Comment 4 for bug 1019473

Revision history for this message
Josiah Poirier (josiahp) wrote :

I am also experiencing this error. It happened yesterday and again today. I have a 3 node cluster and mine is running on Amazon EC2 on m2.xlarge instances. Each node is in a different Availability Zone, but they are all in the same region.

Each time this happens I'm left with one node that still has a bunch of mysql threads running, but it won't allow me to log in with the mysql client, it just hangs after I enter the password and I have to close the terminal and ssh to the box again.
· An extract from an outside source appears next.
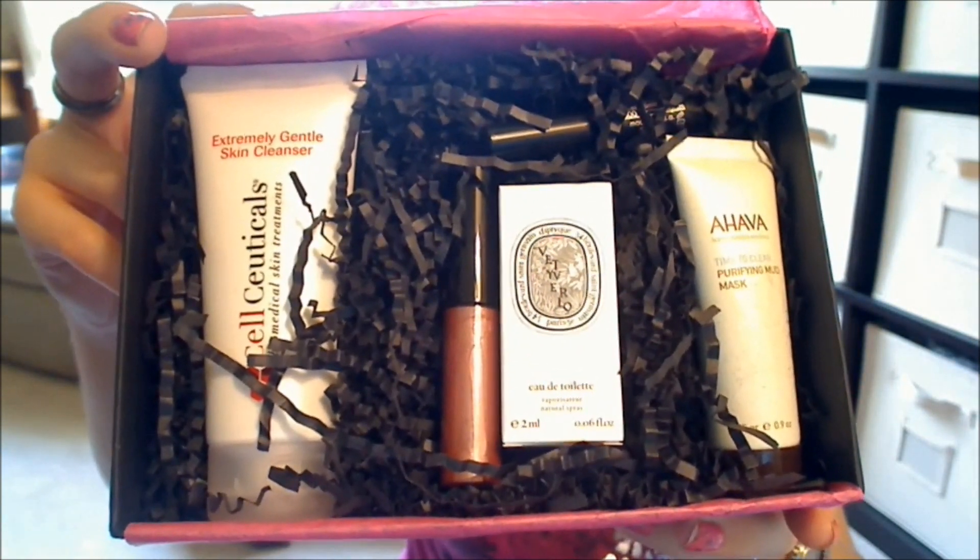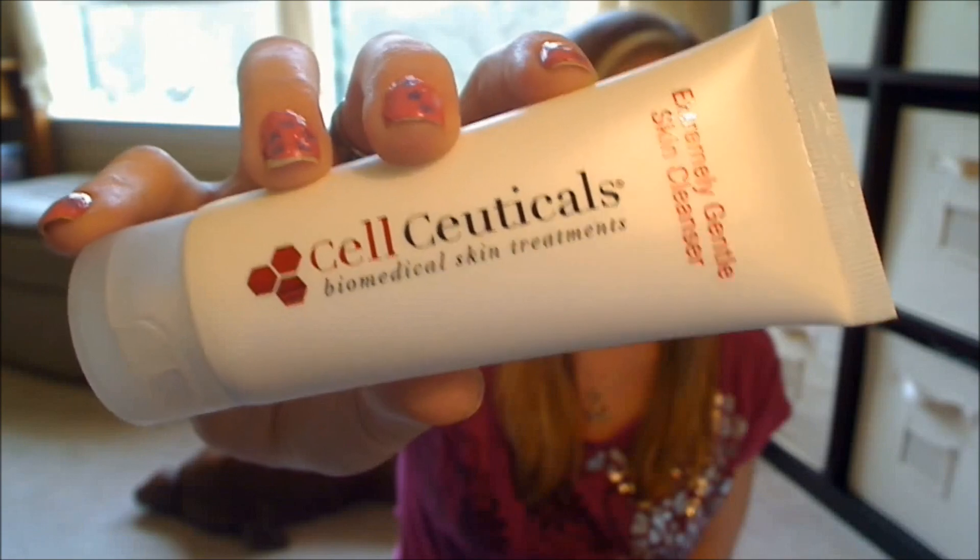So this month's box looks like that. The first product I see here is by Cellceuticals. This is their Extremely Gentle Skin Cleanser, and this is a pretty generous sample size — a two-ounce tube. The bottle looks like that. If you want to know more about this cleanser, I did a review on it, so go ahead and check my videos and you'll see my review for Cellceuticals.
The only way I'm able to recover the cluster is to kill all the mysql processes, enable split brain mode, start one node, then the next node does a full re-sync, and then start up the third node which also does a full re-sync.

There is one php process that inserts records into the table frequently and then there is another process that can every 20 seconds and can hit any of the three nodes in the cluster, and could possibly hit more than one node at the same time. The queries look like this:

$time = time();
$query1 = "SELECT column1 FROM some_table_one WHERE column2 <=".$time;
...php while loop...
$query2 = "DELETE FROM some_table_one WHERE column2 <=".$time;

This code is from a third party software, but it is open source...

I have pulled the error logs from the SQL servers and can pull the variables and table create info. If you need them, let me know where to send them.